Jean Turner | August 22, 2017
Top Of The World Land Speed Trial
Four incredible tales of a land-speed racing adventure in Bolivia
Mike Akatiff and Rocky Robinson sat stunned before a stage of Bolivian dignitaries, including the president himself, Evo Morales. Multiple film crews including National Geographic and countless South American news organizations muscled for space before him and his crew, the Top 1 Ack Attack team, all trying to get shots of the fabled Americans who had made the 5000-mile trek to Uyuni, Bolivia to race on the biggest salt flat in the world. Bolivian pageantry unfolded all around them in honor of the Top of the World Land Speed Trial, a colorful kickoff for Bolivian Independence Day weekend on an otherwise bleached landscape. The steady beat of drums matched the folk dancing of young performers, adorned in the traditional bright colors of their country, while Morales and his Bolivian ministers looked on.
“I’m just speechless,” said Akatiff. “I had no idea. We were going to come over here, build a racetrack and figured it’d just be us and a few people [laughs] and we’d set the record. It’s just like…what is this? Thousands of people! I’m just speechless.”

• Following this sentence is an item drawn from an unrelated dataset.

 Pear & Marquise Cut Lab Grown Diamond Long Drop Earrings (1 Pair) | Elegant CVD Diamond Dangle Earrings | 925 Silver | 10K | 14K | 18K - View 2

Not much on this trip had exactly gone as expected so far, nor would it. Two days into the five-day event, there was one big problem: the Ack Attack had yet to arrive. Issues with shipping, customs and border crossings had the Ack Attack streamliner held up while the clock was ticking. The perfect salt that they had traveled to this foreign land to find was stretched out before them—a platinum threshold to the 400-mph barrier begging to be crossed—but already there were new challenges facing the team. The remote location, the 12,000-foot altitude, cold temperatures and limited daylight would plague their three precious remaining days on the Salar de Uyuni, which would end without the team achieving a new world-record run.

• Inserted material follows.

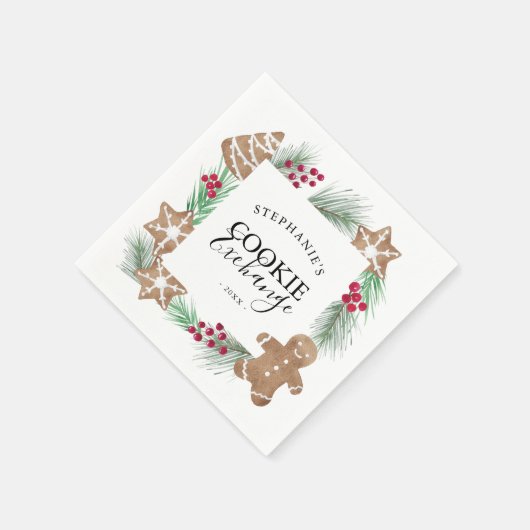 Serviette En Papier Noël Cookie Exchange Party (Coin)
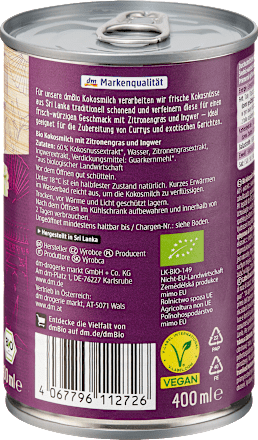 Kokosmilch Zitronengras, 400 ml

While the “salt gremlins” prevented the Ack Attack from breaking the 400-mph barrier, the three other teams that accompanied Akatiff to the Top of the World Land Speed Trial each make their marks in the world record books, bringing an air of gratification to the pioneering effort—the first-ever world land-speed event in South America.
Click here to read this in the Cycle News Digital Edition Magazine.

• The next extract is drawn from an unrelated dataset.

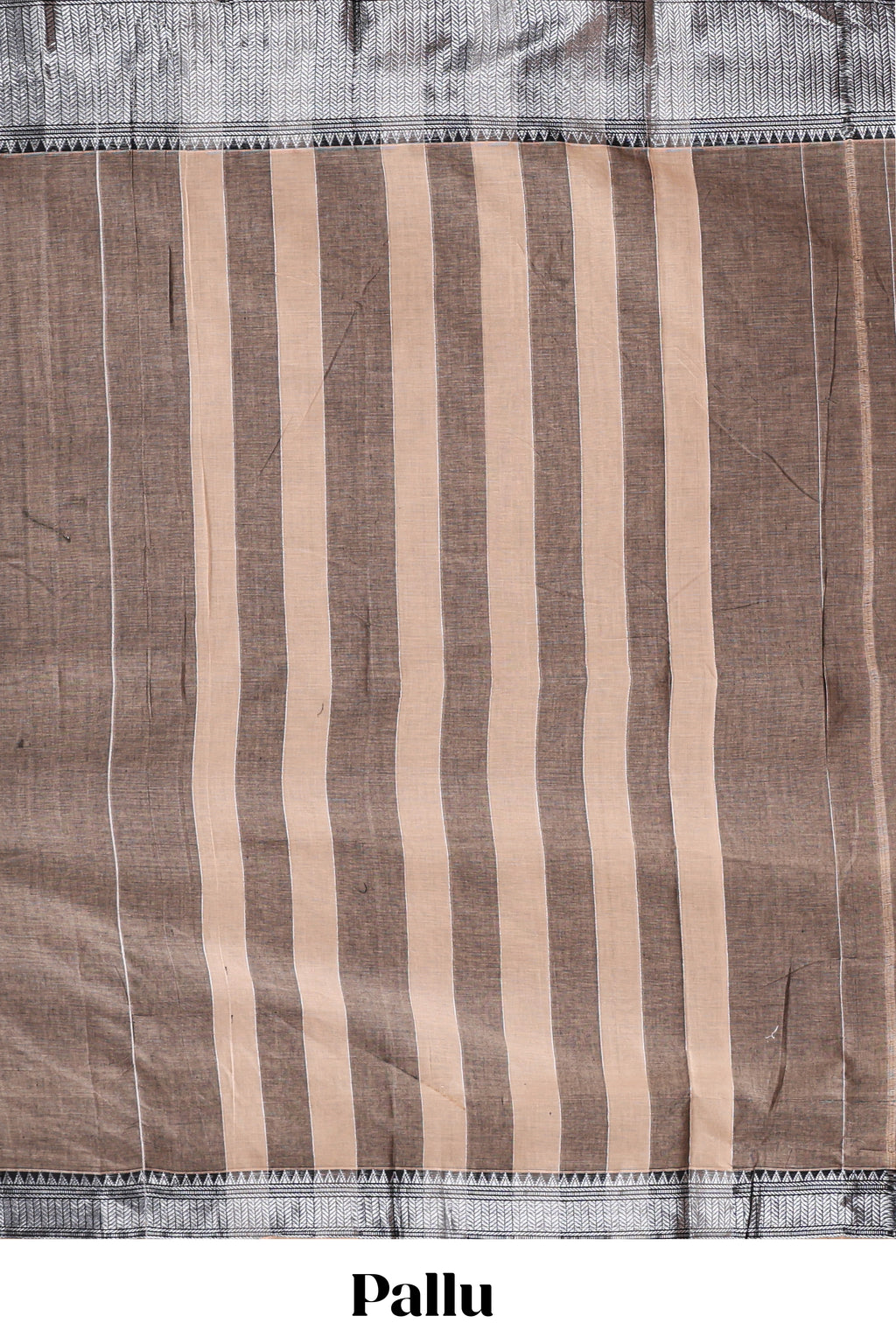 Brown plain narayanapet cotton saree with contrast silver zari border and matching blouse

Story and Photography by Jean Turner
ACK ATTACK
Late Friday night, the lights of a big rig lumbering down the dirt road toward the Palacio de Sal hotel was a welcome sight for Akatiff. His container had finally made it off the ship, through customs, over the Andes and across the Chilean border into Bolivia. Now was when the true race began as the team rushed to get the Ack Attack to the salt and ready to run.
Immediately the team began experiencing problems with the streamliner, problems that didn’t exist when it was loaded into the container.
“The brakes worked fine when we left San Jose, we got here it had no brakes,” said Akatiff. “And nobody touched the brakes—nobody did anything. So we don’t know what happened there.”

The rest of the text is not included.